In partnership with the Los Angeles County Department of Health Services and Harbor Community Health Clinic, the Street Medicine team — which includes doctors, nurse practitioners, registered nurses, and licensed vocational nurses — screens, triages, and tests for COVID-19 and other health conditions; educates individuals about various conditions and ways to stay healthy; provides wellness checks, complex wound care, and medication support; and offers health navigation-linkages to insurance, health homes, treatment options, and other resources.

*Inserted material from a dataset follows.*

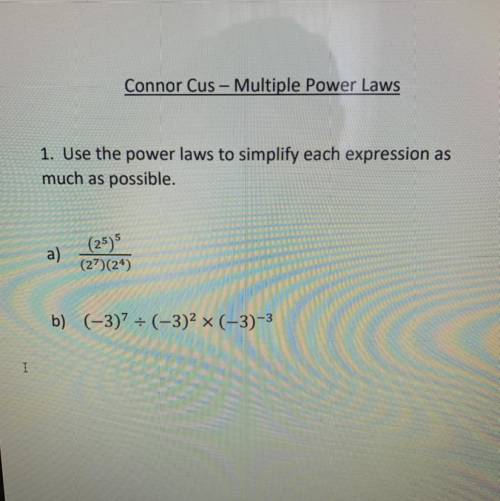 1. Use the power laws to simplify each expression as
much as possible.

“This was a huge change for us,” says Laurie Ramey, MHALA’s Senior Director of Outreach and Street Medicine. “It’s a scary time for people living on the streets but we do whatever we need to do to engage them. We ask them, ‘What do you need to feel safe and comfortable?’ Our goal is to make people feel cared for.”

Woman working on desktop


Despite having a good work history, strong skills, and solid work ethic, Paula had been unemployed for nearly three years. She was looking for work in accounting. Working with MHALA’s Employment team, Paula found the accounting job she wanted. 

When the pandemic hit, Paula worried about losing her job – but her employer had no intention of letting her go. They installed WiFi in her home and moved her entire workspace to her house so she could safely continue her work. These accommodations allowed Paula to not just work from home but also skip taking three buses to work and risk being exposed to the virus.